Dataset entries:
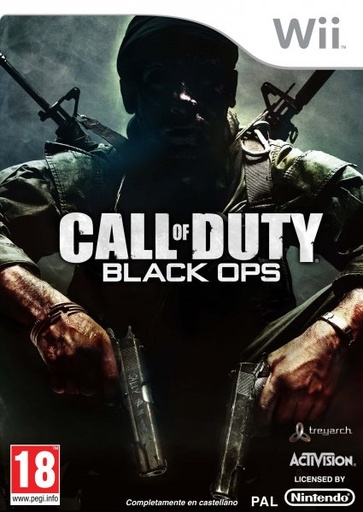 [7767] Call of Duty Black Ops - Wii OK
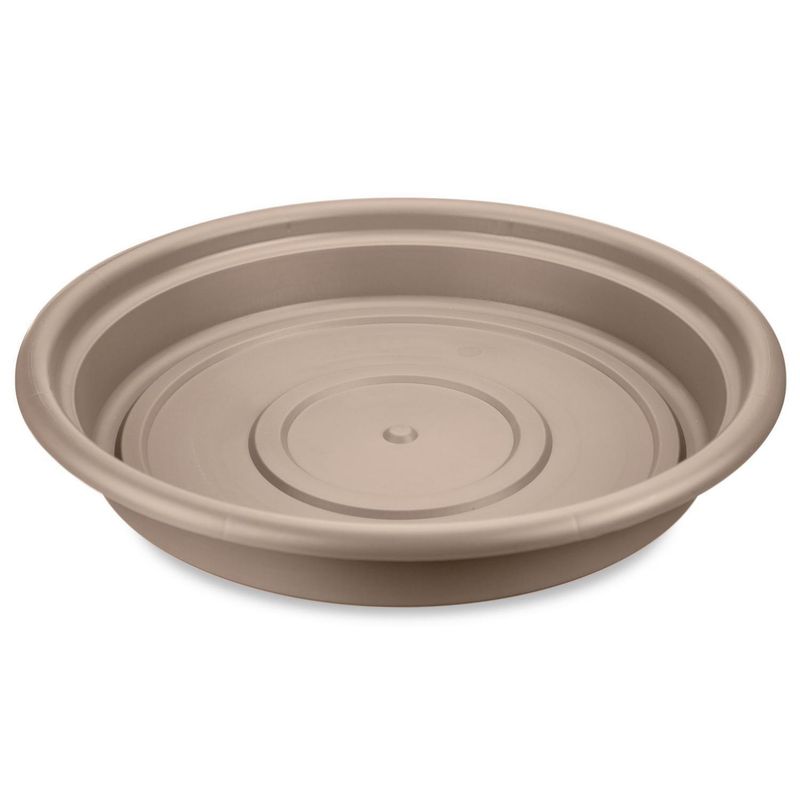 CASA BONITA - Base de plástico para macetero n°16 40 cm taupe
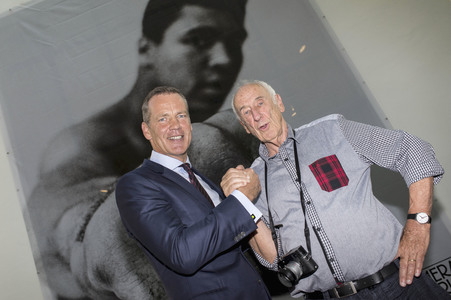 Fotoausstellung 'Muhammad Ali' in Berlin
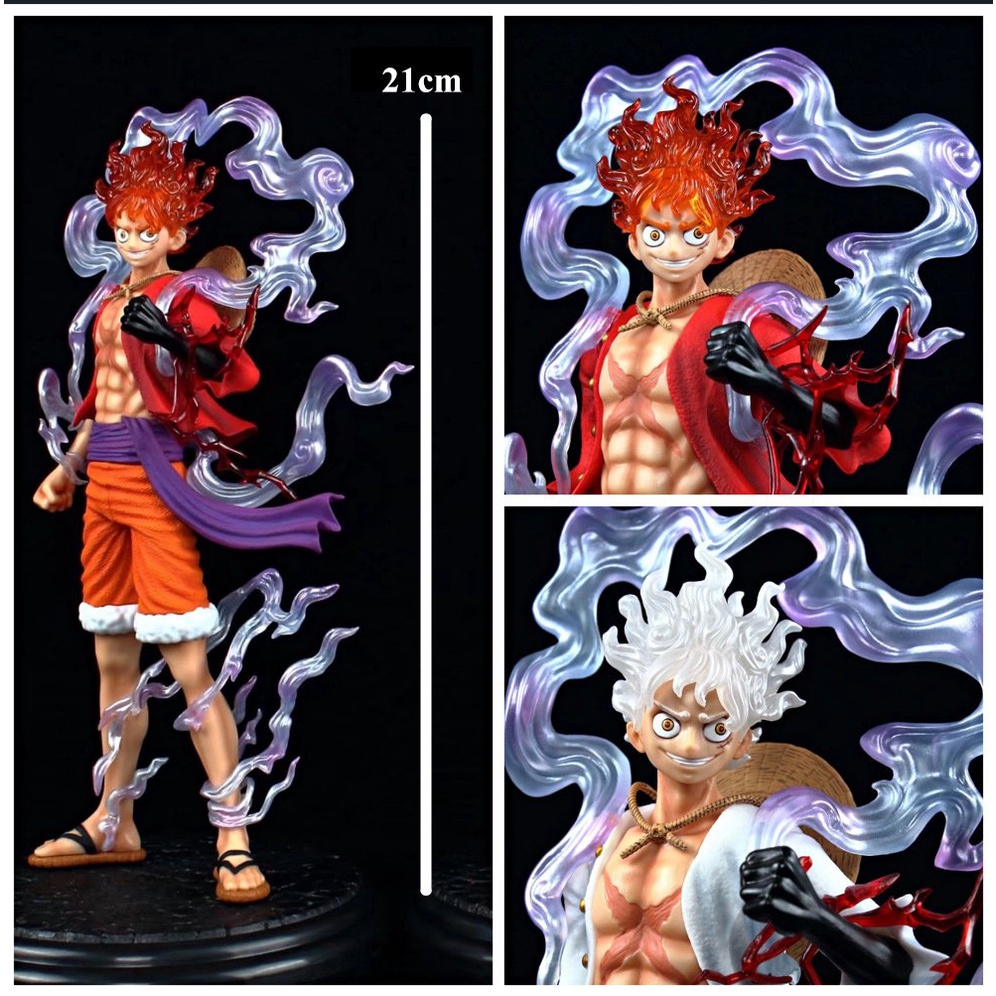 Mô Hình Luffy Gear 5 Sun God Nika. Mô Hình One Piece Hàng Chất Lượng Cao. Đồ Chơi Mô Hình Anime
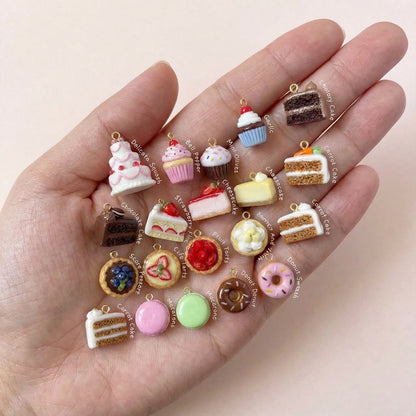 Sweet Treats & Kawaii Copper Charm Collection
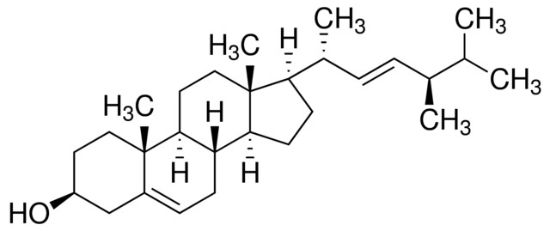 图片 芜莆甾醇 [菜籽甾醇]，Brassicasterol；from semisynthetic, ≥98% (TLC)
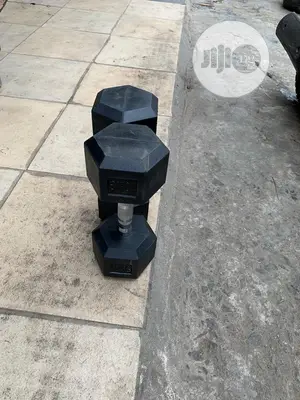 Hexagonal Dumbell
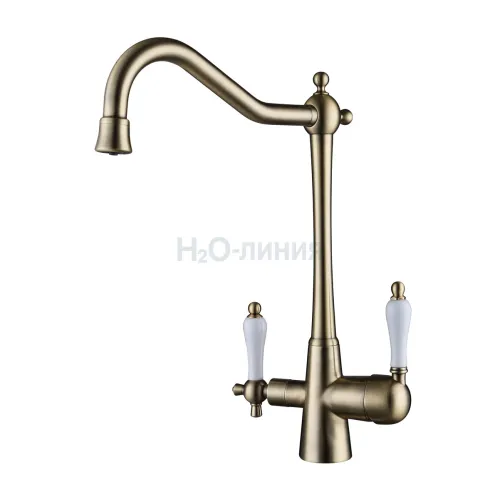 31844-3 Смеситель KAISER Vincent для кухни с подачей фильтрованной воды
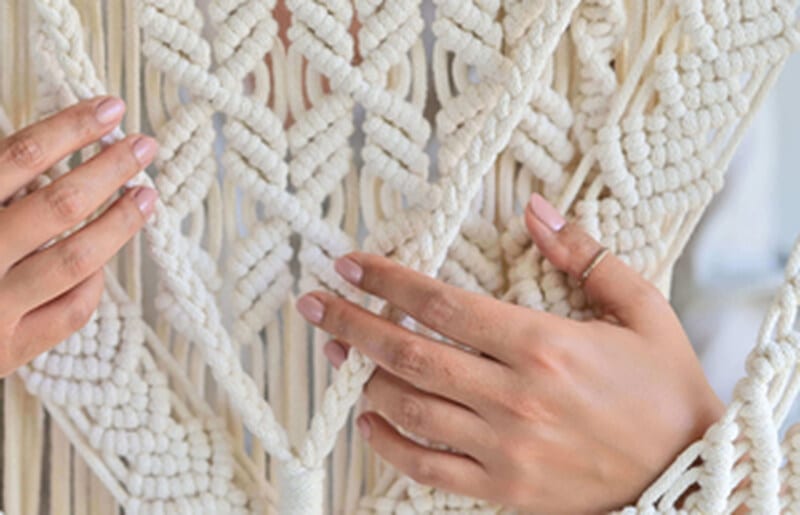 Warsztaty Makramy na Pikniku w Gdańsku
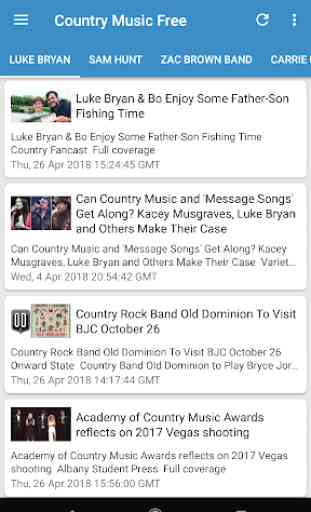 Country Music Now - Radio, Songs, Videos & News 4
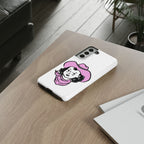 "HARLOW" - Tough Case in PINK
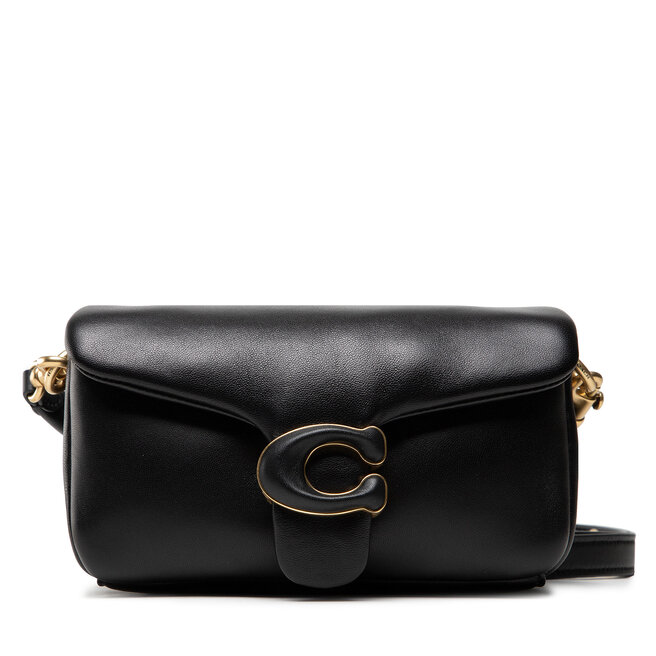Coach Дамска чанта Coach Ltr C Pllw Tbby Sb 1 C3880 B4/Black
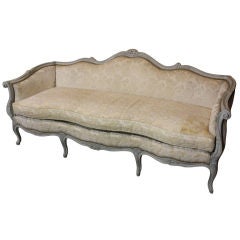French Louis XV Style Sofa by Maison Jansen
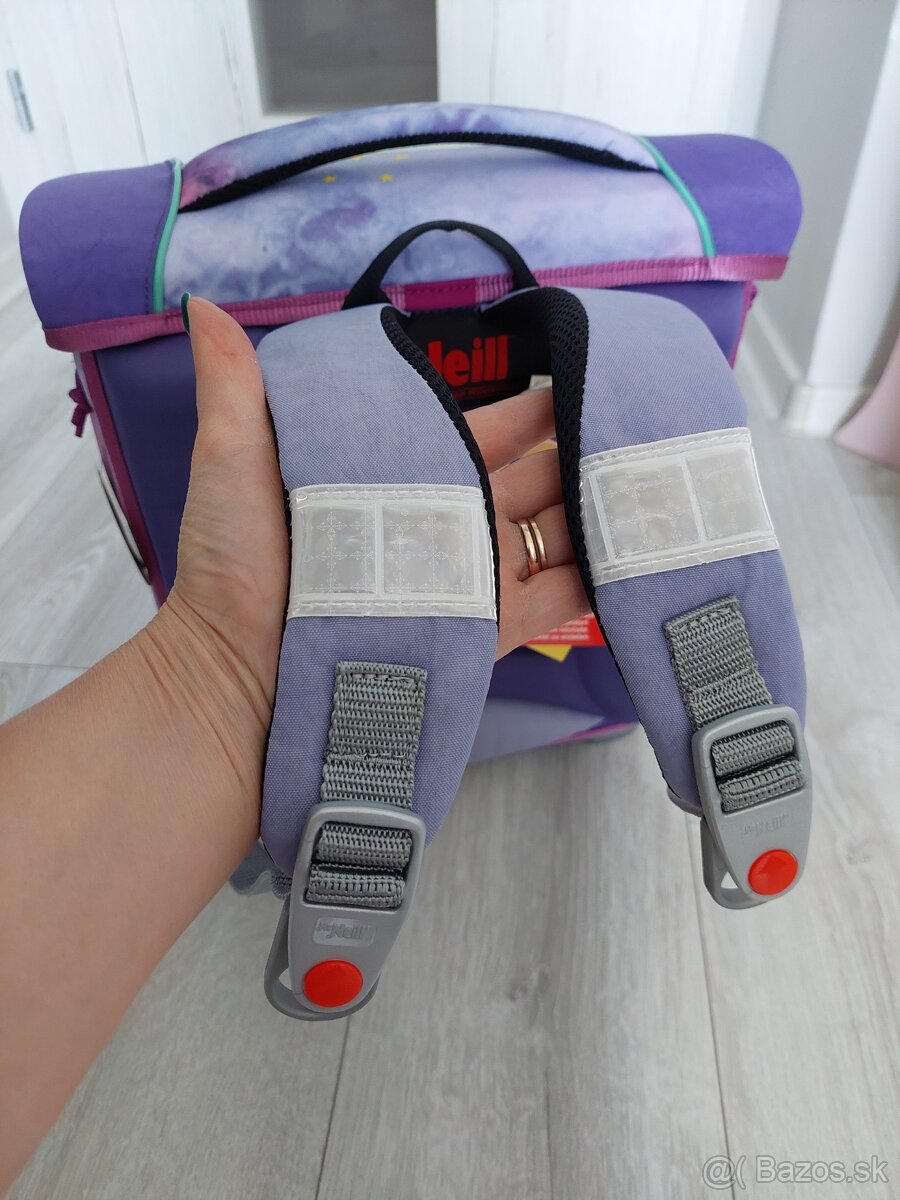 Školská taška (6-dielny set) Mc Neill Ergo Light Pixie - 2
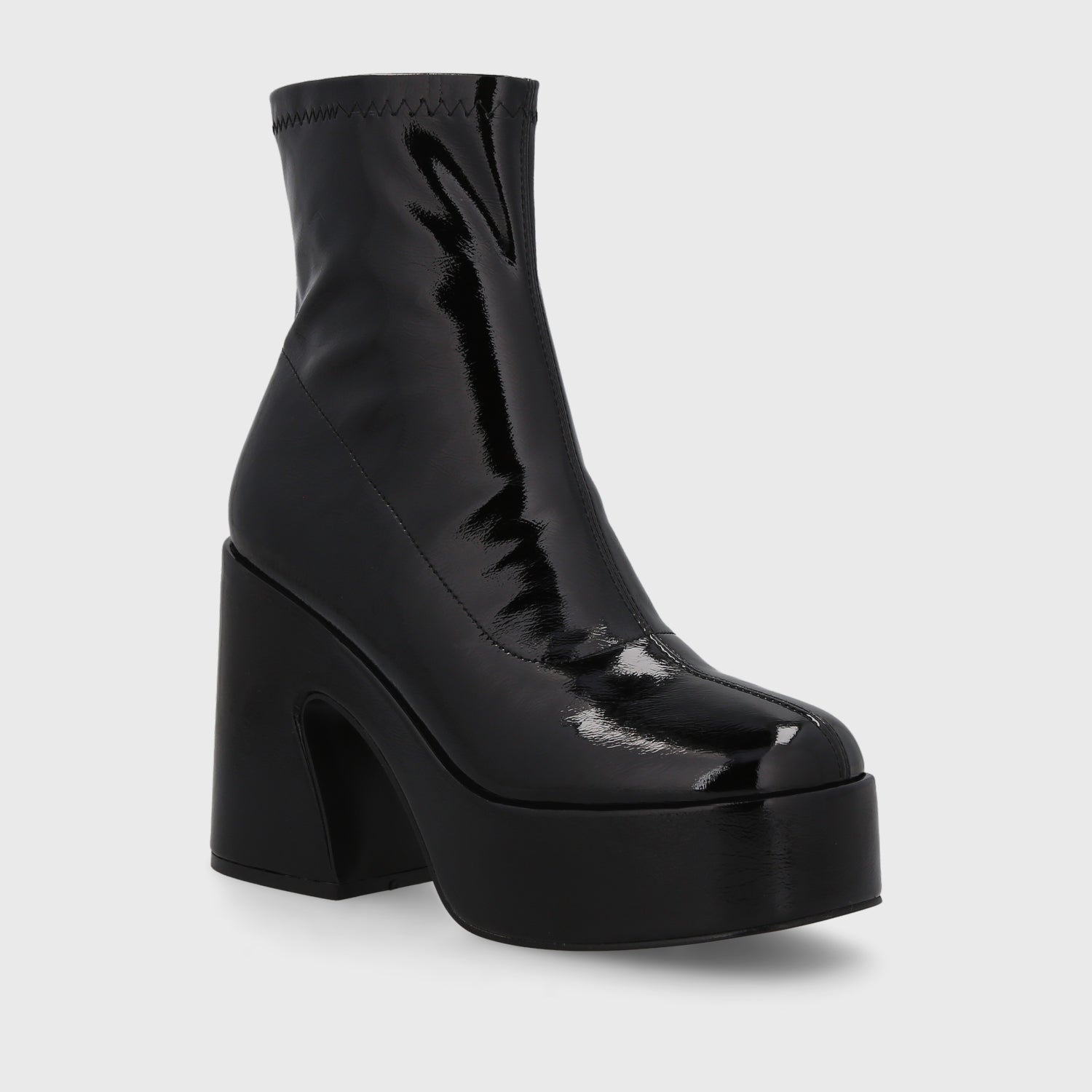 Botín Negro Mujer 35702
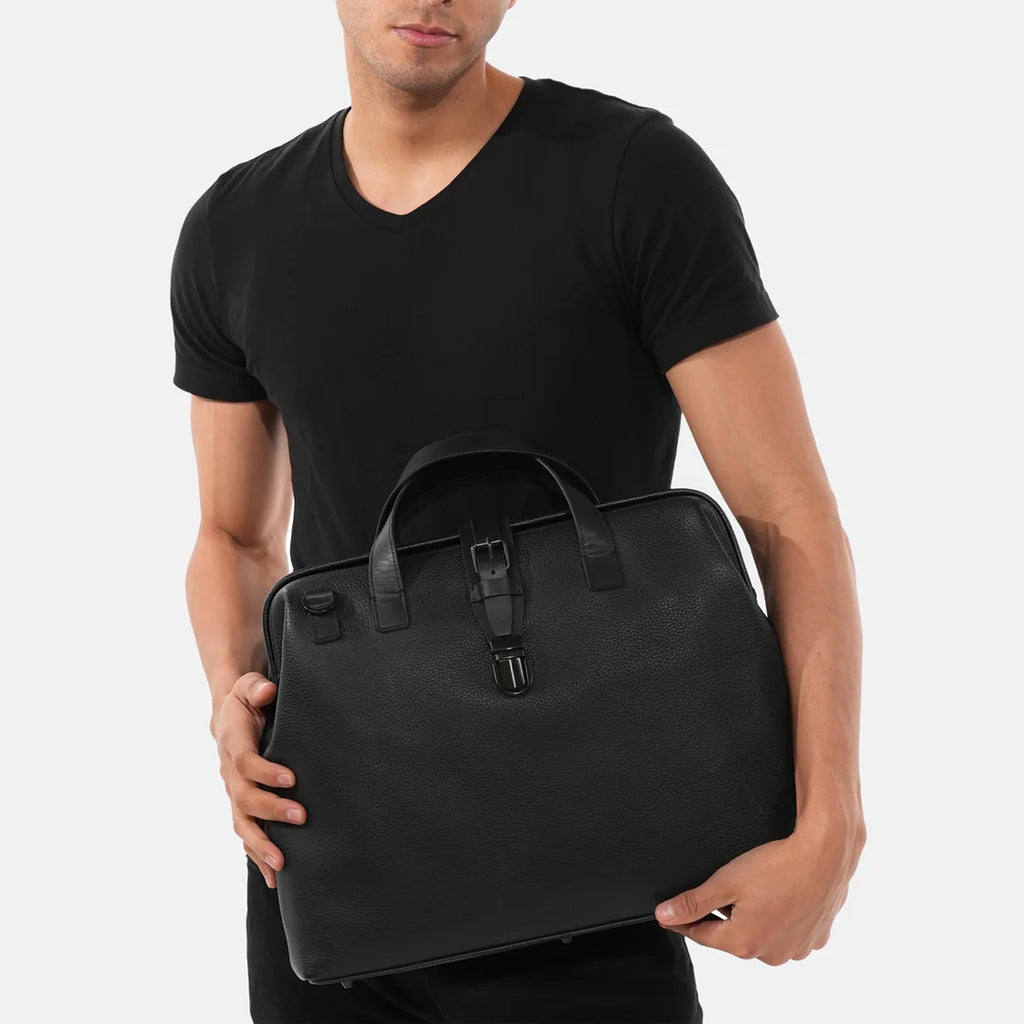 Athens Leather Briefcase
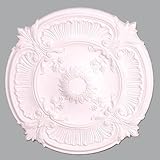 Plâtre de haute qualité et durable – Nos rosaces offrent un rendu net et raffiné, résistant à l’usure et conçu pour durer.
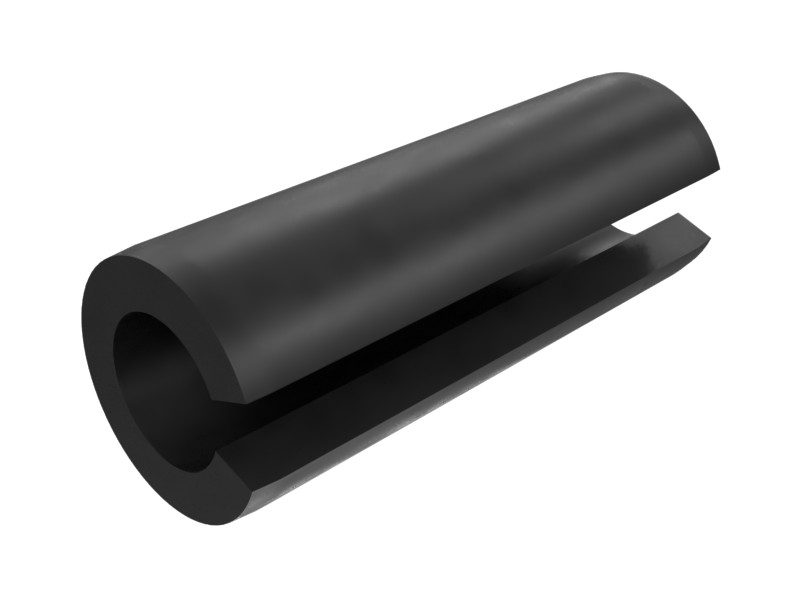 2L-3650 25.40 mm Long Steel Slotted Spring Pin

What to work on: Leave every picture out and print exactly the lines from the one that contains "Country Music Now" through the last line of the material above.

Exercise response:
 Country Music Now - Radio, Songs, Videos & News 4
 "HARLOW" - Tough Case in PINK
Coach Дамска чанта Coach Ltr C Pllw Tbby Sb 1 C3880 B4/Black
French Louis XV Style Sofa by Maison Jansen
 Školská taška (6-dielny set) Mc Neill Ergo Light Pixie - 2
 Botín Negro Mujer 35702
 Athens Leather Briefcase
 Plâtre de haute qualité et durable – Nos rosaces offrent un rendu net et raffiné, résistant à l’usure et conçu pour durer.
 2L-3650 25.40 mm Long Steel Slotted Spring Pin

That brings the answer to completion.